Person-centered environments with permanently-assigned, cross-trained staff working in teams to serve small groups of residents naturally enable caregivers to know the elder’s needs and desires well.
But staff’s capacity to contribute becomes much higher when they also are taught critical thinking skills … how to analyze, develop good judgement, and make decisions, says Norton.
For instance, CNAs know to inform the nurse when something doesn’t seem right. But what if the nurse fails to follow up after being told?
Rather than letting the matter drop or complaining to peers that “I told the nurse but nothing was done,”a CNA trained in critical thinking understands it’s important to follow up to ensure the nurse got the message.
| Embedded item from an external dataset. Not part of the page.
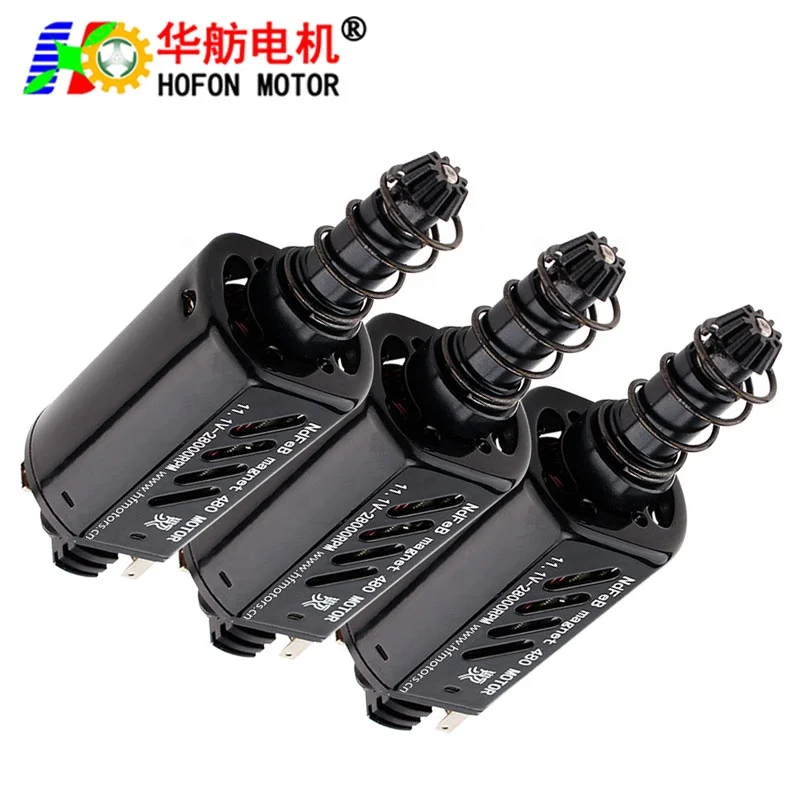 Hofon HF480WHM-7519G Long shaft High Speed 11.1V 28000RPM DC Carbon brush Motor for AEG Gel Blaster Toy Gun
“A sense of responsibility grows along with a more integrated understanding about how to serve the resident, and thoughts and actions toward her become more accurate,” says Norton.
As information is shared, the whole work team gains a deeper understanding and capability. They think through challenges as they arise, day or night, “determining whether to take the initiative and deal with it in the moment, or knowing when they shouldn’t take the initiative and call in resources from outside their team,” says Norton.
“It bubbles up in different ways in how life is lived and the sense of empowerment that residents and staff have … to live life on their own terms,” says Lindsey. That and a CMS Five-Star rating has come from growing critical thinking skills at Garden Spot Village, he concludes.